In an interview with the Wheel last month, Emory College Dean Barbara Krauthamer said there is “really important work to be done” to increase the University’s retention rate. She explained that this work includes investing in the Pathways Center and helping faculty become more “intentionally” involved with students outside of the classroom. 

Senior Associate Dean for Undergraduate Education Joanne Brzinski believes that the new general education requirements (GERs), which first went into place for the Class of 2027, will enhance the experience for first-year students. Among the new GERs is an experiential learning requirement, including research, an internship or study abroad, which Brzinski sees as valuable for undergraduates.

Brzinski added that some students seem unwilling to utilize resources, a perspective which she hopes can be reversed by destigmatizing the idea of getting academic help. Emory could also promote its academic coaching program more, Brzinski said.

“There is a sense among some students that if you utilize academic support resources, it’s because you’ve failed somehow,” Brzinski said. “That is actually a big barrier to getting students to utilize the resources.”

First-year students are happiest at Emory when they are connected, Odejimi wrote. As a result, Campus Life administration is encouraging students to engage with organizations and clubs from the start of their college career and continue to cultivate an inclusive environment. Additionally, Campus Life is working to expand its services, enhance its programs and individualize care resources, Odejimi added.

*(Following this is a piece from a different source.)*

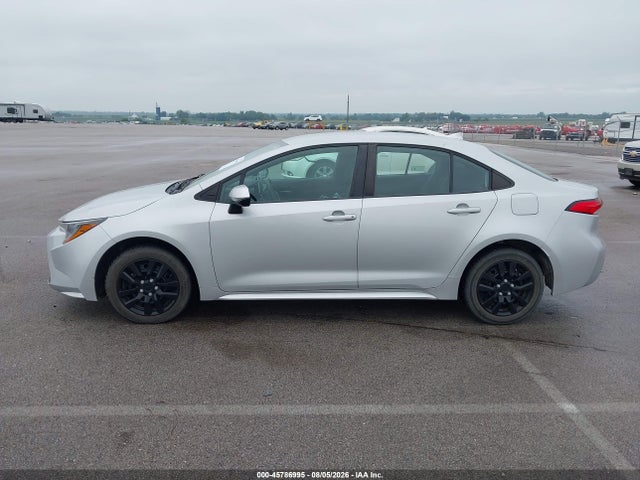 Продажа на аукционе авто 2021 Toyota Corolla Le, vin: 5YFEPMAE5MP204839, номер лота: 45786995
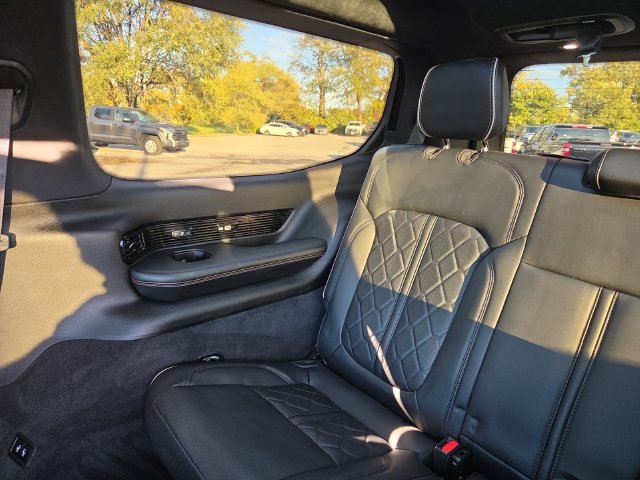 Used 2022 Jeep Grand Wagoneer Series III w/ HD Trailer Tow Package AWD/4WD image 31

“At Emory, we want every student to be able to take full advantage of the extraordinary learning opportunities,” Odejimi wrote. “Students must feel welcome and that they belong.”

Associate Dean in the Office of Undergraduate Education Melissa Tarrant emphasized that although Emory is trying to improve its retention rate, there is not one clear solution.

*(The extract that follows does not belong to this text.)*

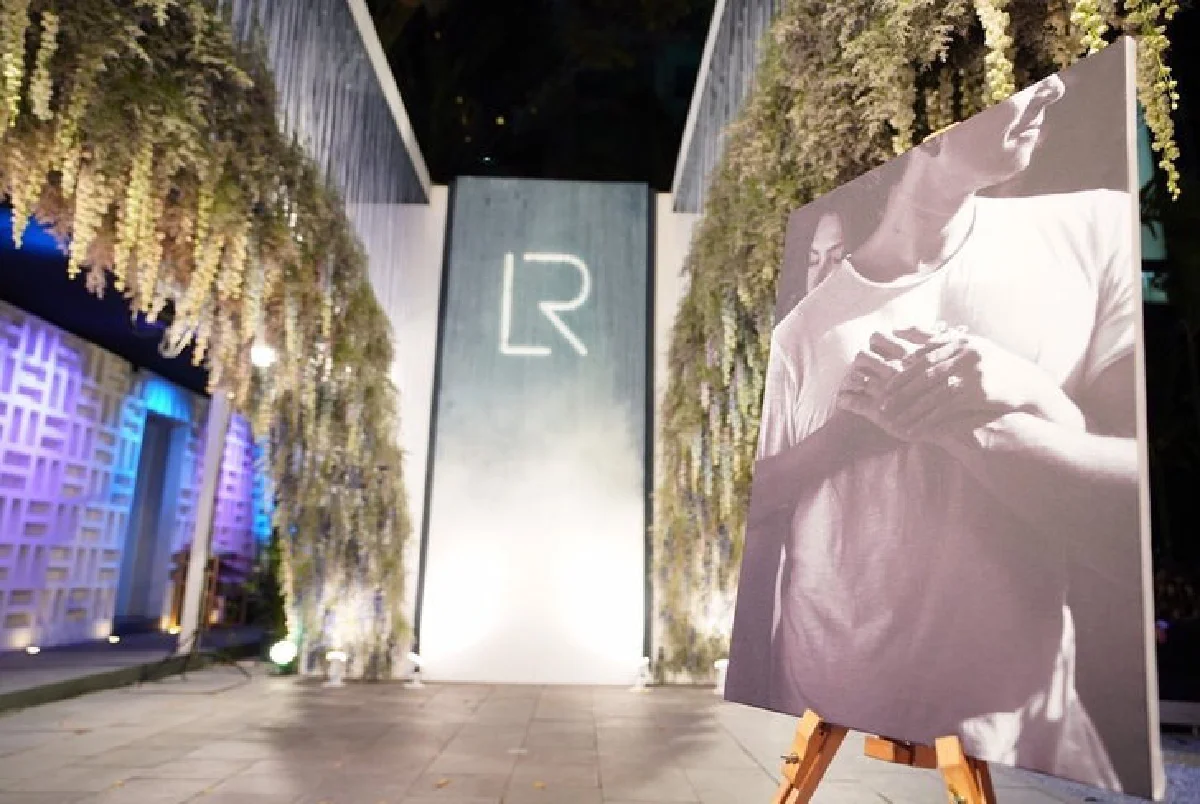  แต่งงานละจ้า! "หลุยส์ สก็อต" ควง "นุ่น" รมิดา” เข้าประตูวิวาห์อย่างเงียบๆ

“One of the reasons why we have such a broad campaign is the fact that we have to do lots of things to address retention because it isn’t like we have a problem in one area,” Tarrant said. “Part of it is a way in which students respond to their academic experience, part of it is the way in which they respond to their social experience, some of it is pressure from parents to move to higher ranked schools.”

While the focus on retention has largely been concerned with first-year students, it is important to focus on retention all four years, Tarrant said. In fall 2023, Emory College reported a four-year graduation rate of 82.1% and a six-year graduation rate of 91.8%, according to Shepherd. This falls in line with Emory’s four-year graduation rate in recent history, which has averaged around 82.5% since the Class of 2017’s graduation. Several peer institutions outperformed Emory, including Vanderbilt, which reported an 87.4% four-year graduation rate in 2023.

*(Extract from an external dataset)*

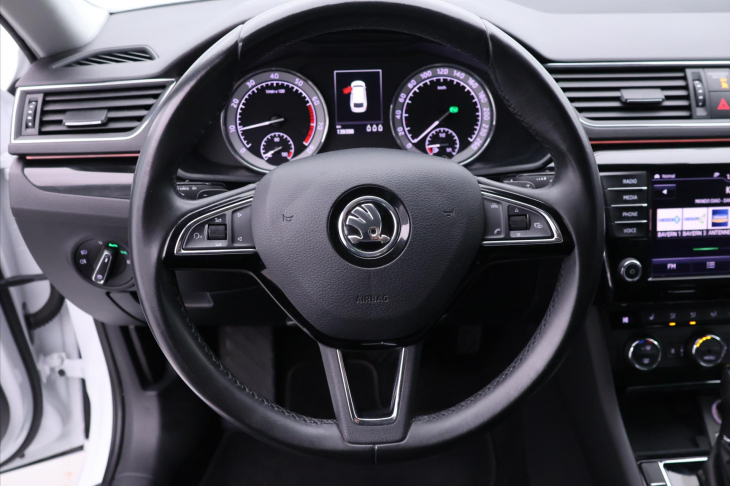 Škoda Superb 2,0 TSI 206kW 4x4 DSG L&K 1Maj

Provost and Executive Vice President for Academic Affairs Ravi Bellamkonda wrote in an email to the Wheel that the Undergraduate Council’s Retention Task Force is working to increase the four-year graduation rate and has plans to launch a student partnership committee to better support students. With the 2023 first-year retention rate increasing to 96.2%, Emory is taking steps in the right direction to reach Fenves’ goal of a consistent 97% first-year retention rate.

“While there will always be students who transfer elsewhere to pursue a major we don’t offer or to be closer to family — as well as others who transfer into Emory — we believe these efforts will help us achieve the President’s goal of 97% first-year retention and elevate the Emory experience for everyone,” Bellamkonda said. “It’s been inspiring to see leaders across the university come together to focus on promoting academic excellence, fostering a strong sense of community and belonging, and ensuring student well-being — not only to identify and assist those who may need support, but because it is the right thing to do for all our students.”